ローレンス・J・ピーター&レイモンド・ハル『ピーターの法則――創造的無能のすすめ』

「階層社会では、すべての人は昇進を重ね、おのおのの無能レベルに到達する」というピーターの法則、そしてピーターの法則から導き出される「やがて、あらゆるポストは、職責を果たせない無能な人間によって占められる。仕事は、まだ無能レベルに達していない人間によって行われている」というピーターの必然、この2つが本書の基調である。非常に衝撃的で、興味深い内容だ。

例えば、企業(企業以外でも、学校など、階層社会の階層組織であれば同じことだ)において、平社員として求められる有能さを発揮した者は次のポストへと昇進する。しかし無能さを露呈すれば次のポストには昇進できない。今度は主任や係長において求められる有能さを発揮できた者は次のポストへと昇進できる。しかし求められる有能さを発揮できず無能さを露呈すれば、次のポストに昇進できることはない。そして今度は課長として求められる有能さを発揮できた者はさらに次のポストへと昇進できるが、課長として無能さを露呈すれば、やはり次のポストへは昇進できない。部長でも、副社長でも、社長でも、同じことだ。

基本的な約束を守れない、マネジメント力がない、部下の育成能力がない、コミュニケーション力がない、事務処理能力がない、財務能力がない、戦略策定能力がないなど、その他、それぞれのポストの適性に欠けていたり、能力的な限界や体力的な限界を迎えてしまったりして、何らかの形で無能さを露呈したポストで、その人の昇進は止まる。

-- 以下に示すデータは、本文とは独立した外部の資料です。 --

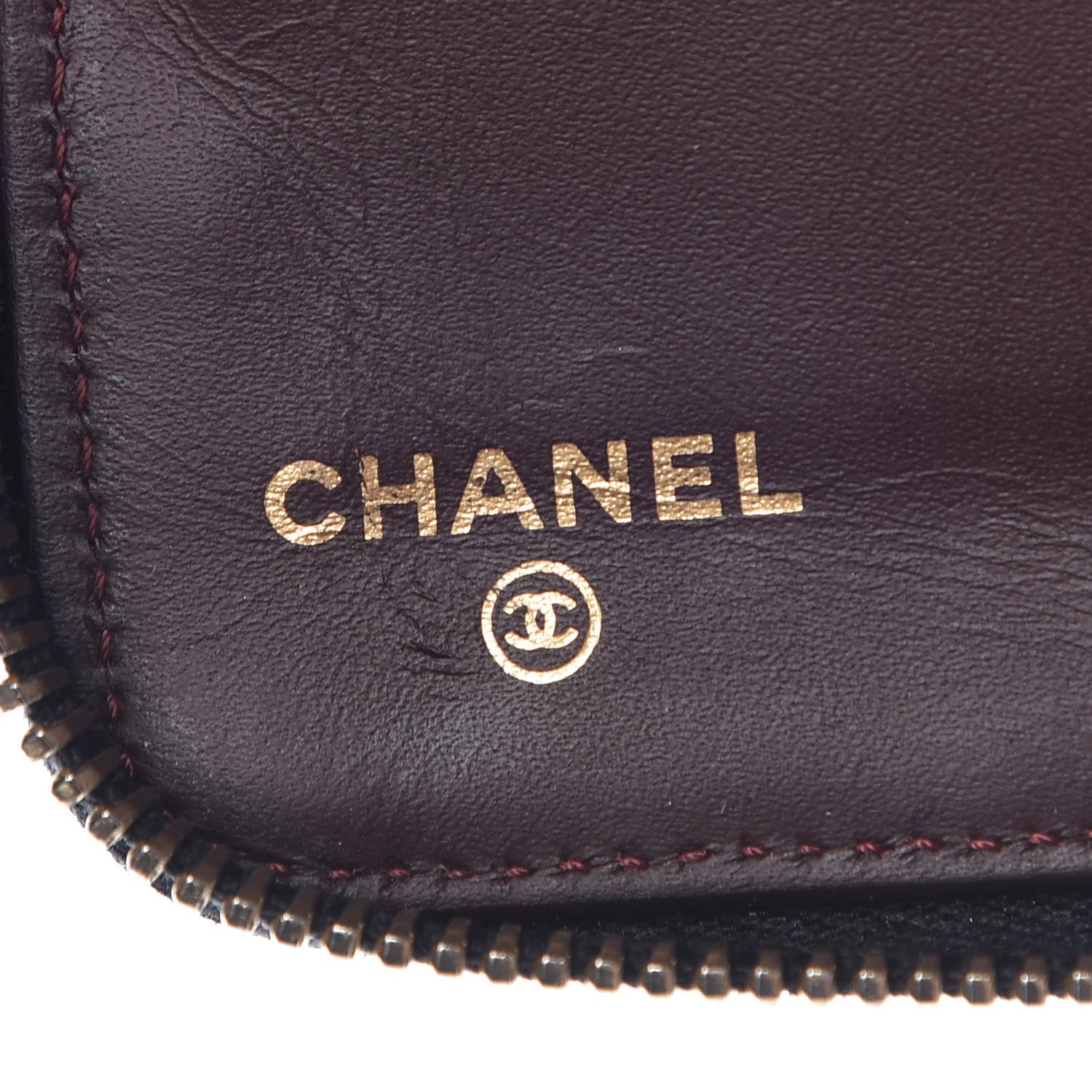 Chanel Caviar Quilted Large Zip Around Organizer Wallet Black 6 of 14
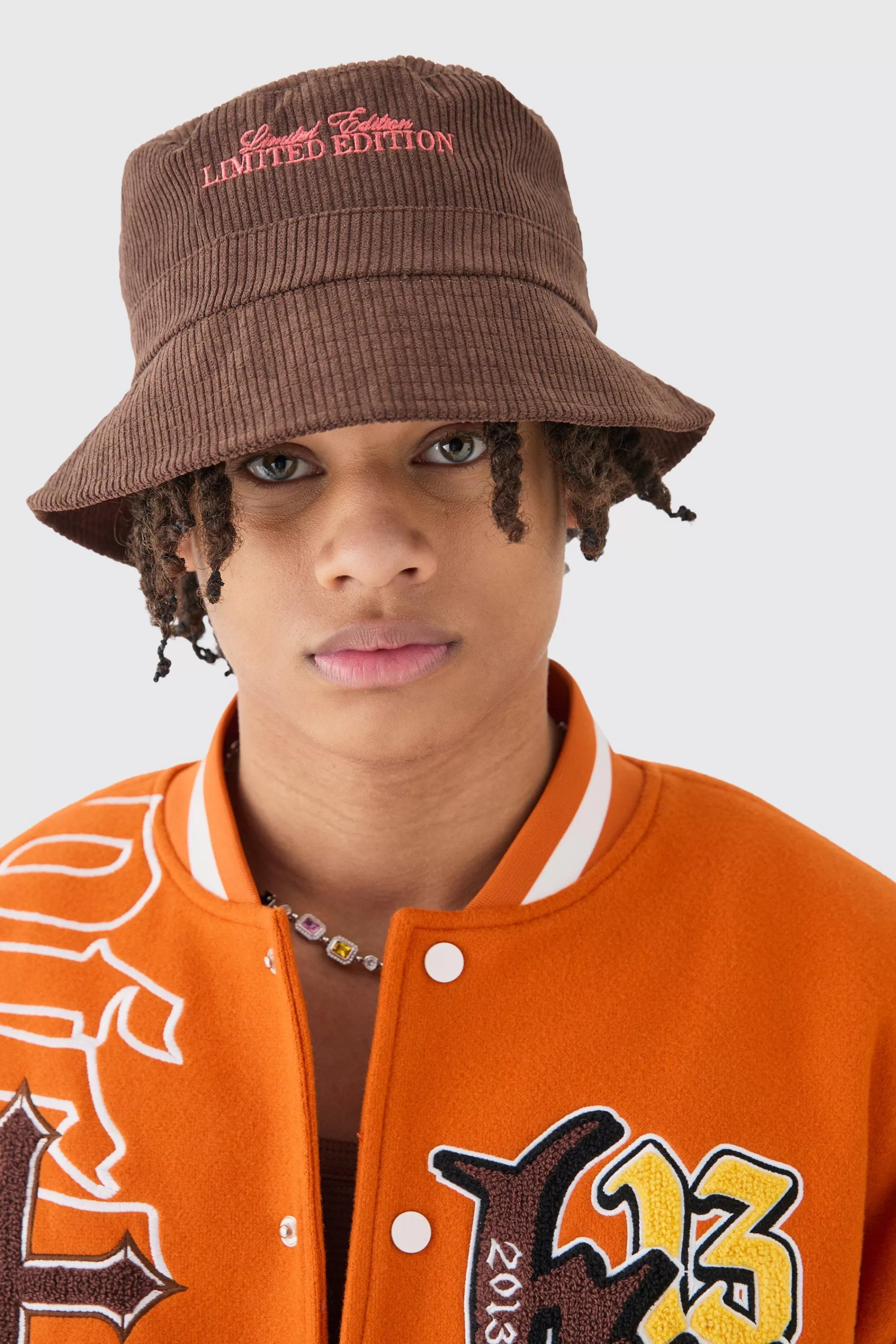 boohooMAN Corduroy Bucket Hat In | UK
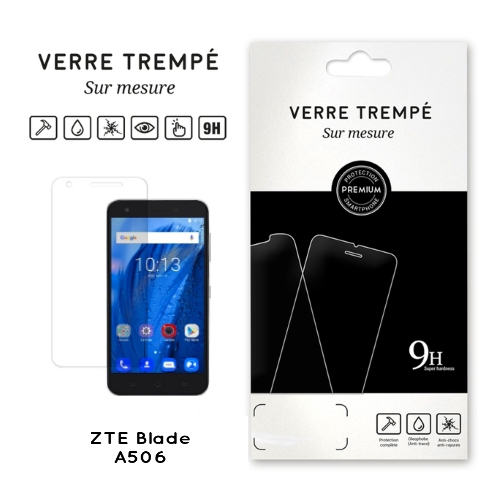 Verre trempe pour ZTE Blade A506 Transparent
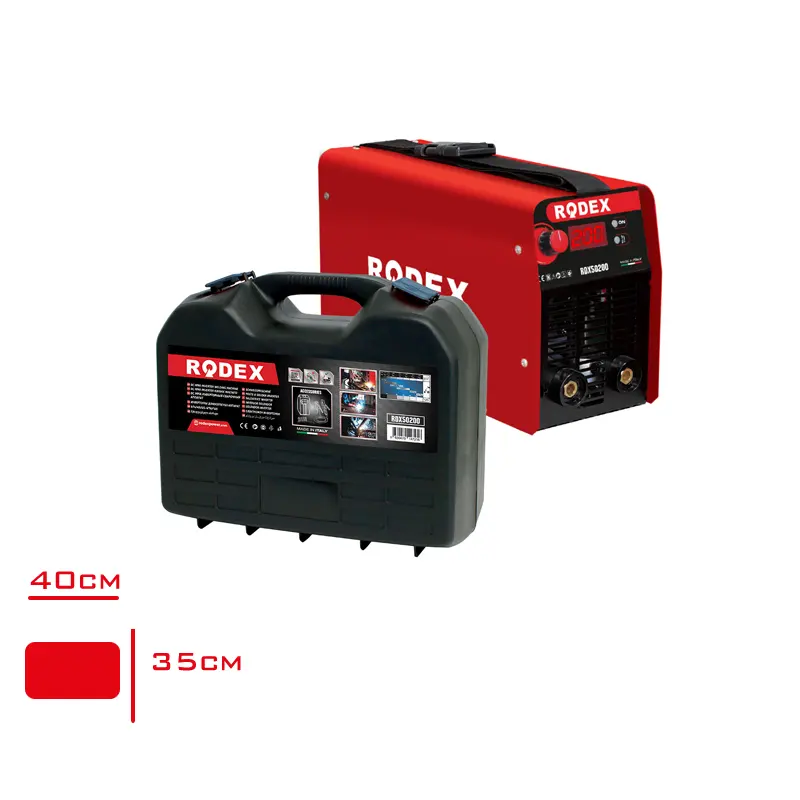 RODEX DC KAYNAK MAKINESI CANTALI INVERTER 15-200A RDX50200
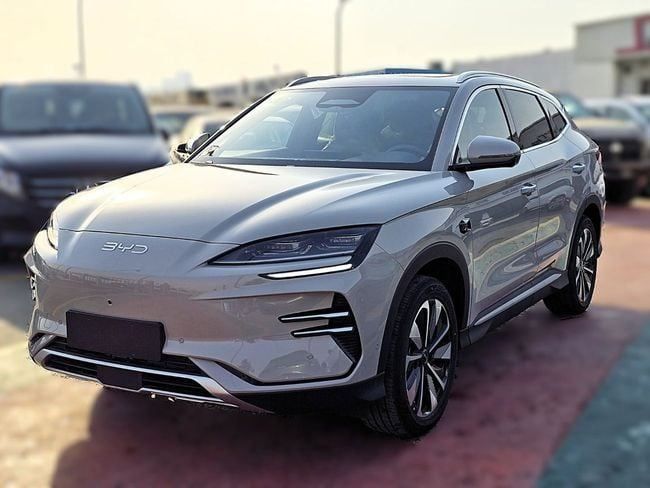 Used BYD Song Plus I Facelift, 2025 in Dubai by Soltan Auto, Grey color. Chinese Specs | AUTO.AE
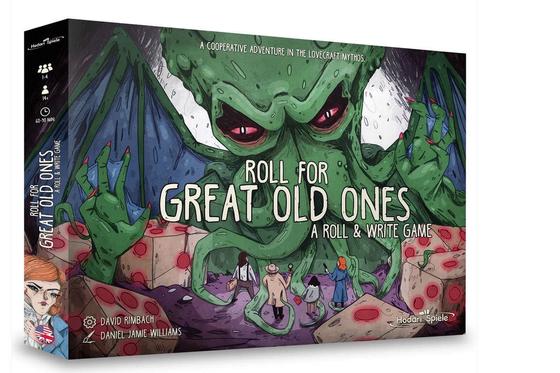 Roll For the Great Old Ones-A Roll & Write Game(Deutsche Version) - Hodari Spiele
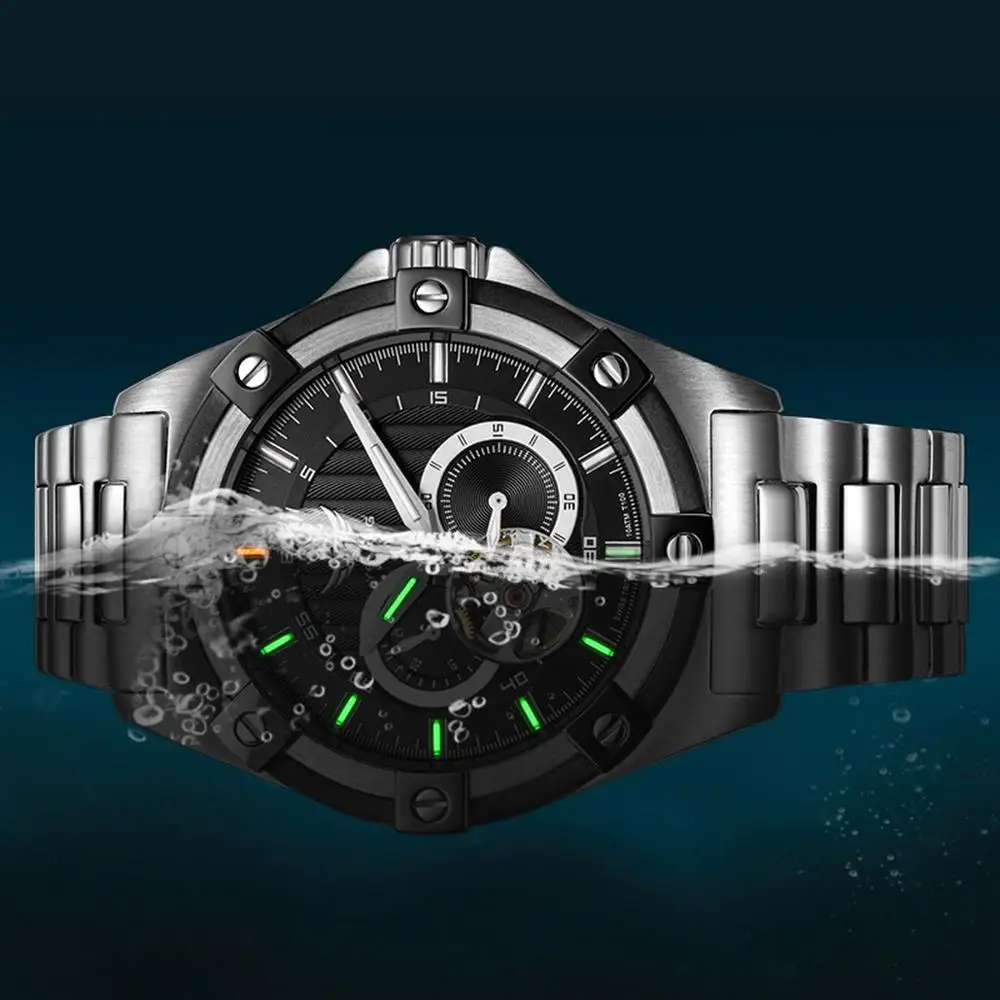 Мужские часы tritium мужские автоматические наручные YELANG T100 светящиеся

そして組織は、あらゆるポストが職責を果たせない無能な人間によって占められるようになる――。

本書を読んで、「若いチカラ」などというものの本質が初めて掴めたような気がした。脳の機能が加齢によって容易に衰えないことは既に脳科学における事実なのに、「若いチカラ」といったものが未だに持ち上げられるのは、俺には納得しがたいものがあった。しかしそれは、若者に可能性があるから「若い力」を欲していたというわけではなく、単に組織が無能レベルに達している(達しつつある)ために、まだ無能レベルに達していない人間を欲していたのだ。

著者は「階層社会学」なるものを提唱している。しかし、階層社会学は私の提唱した新しい学問だから参考文献はないのだ、とうそぶいて参考文献をつけていないし、本書は厳密な意味では学術書とは言えないだろう。どこかユーモラスでパロディチックな文体だし、のらりくらりとしていて、どこまで本気で言っているのかわからないような内容でもある。しかし得られるものは非常に多い本だ。組織と個人の関係性を問い直したい方には必読と言えるだろう。